*MATERIAL SUPPLIED*.
--------
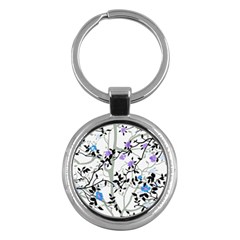 Floral Pattern Background Key Chains (round) 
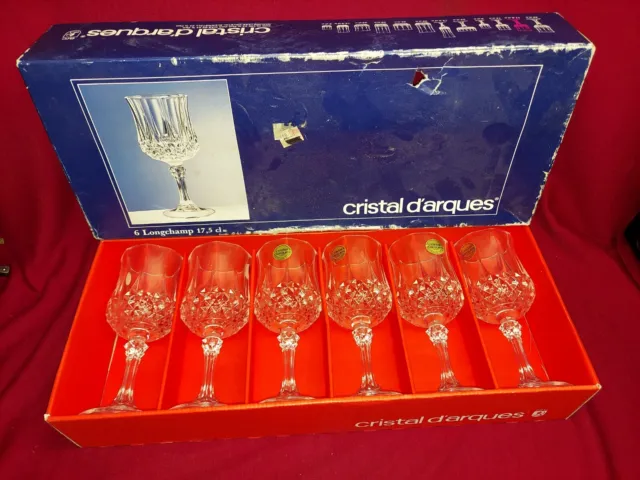 Set Of 6 New Cristal Darques New In Box Crystal Made In France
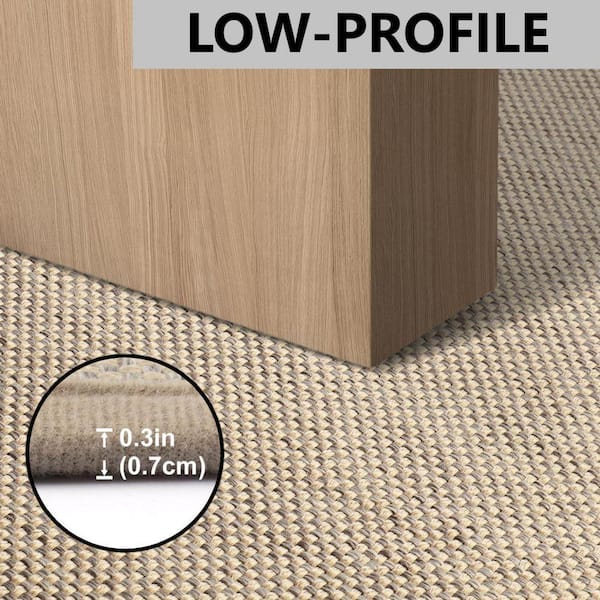 24 in. x 47 in. Indoor Beige Polyester Low-Profile Rubber Backing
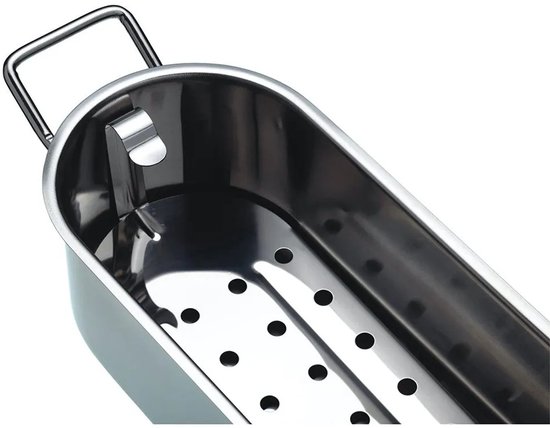 Pas de poêle à poisson en acier inoxydable avec insert 50cm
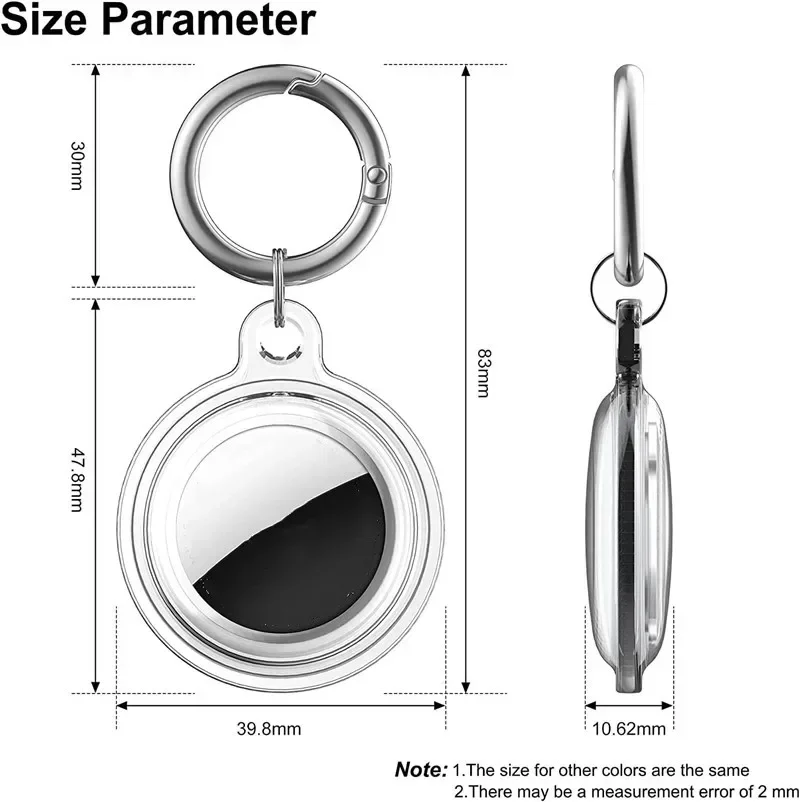 Waterproof Anti-lost Keychain Holder for Apple Airtag Transparent TPU Case Dog Cat Pet Collar Keys Tracker Protective Full Cover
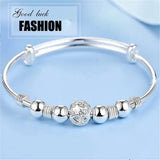 Lucky Beads Charm Cuff Bracelets&Bangle For Women Adjustable Chain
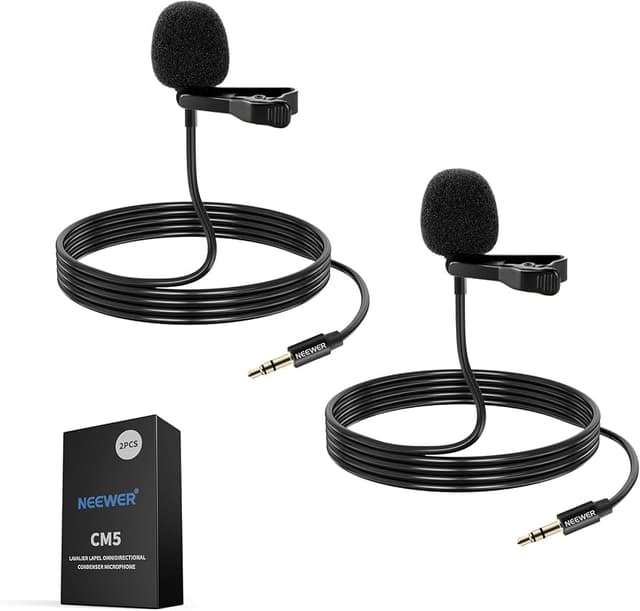 NEEWER 2 Pack Lavalier Lapel Microphone Compatible with Rode Wireless Go II Wireless Pro DJI Wireless Mic, 3.5mm TRS Omnidirectional Condenser Wired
--------
*WHAT THE EXERCISE ASKS*.
When you copy the entries, keep every word exactly as it stands and drop any pictures.

*WRITTEN ANSWER*.
 Floral Pattern Background Key Chains (round) 
 Set Of 6 New Cristal Darques New In Box Crystal Made In France
 24 in. x 47 in. Indoor Beige Polyester Low-Profile Rubber Backing
 Pas de poêle à poisson en acier inoxydable avec insert 50cm
 Waterproof Anti-lost Keychain Holder for Apple Airtag Transparent TPU Case Dog Cat Pet Collar Keys Tracker Protective Full Cover
 Lucky Beads Charm Cuff Bracelets&Bangle For Women Adjustable Chain
 NEEWER 2 Pack Lavalier Lapel Microphone Compatible with Rode Wireless Go II Wireless Pro DJI Wireless Mic, 3.5mm TRS Omnidirectional Condenser Wired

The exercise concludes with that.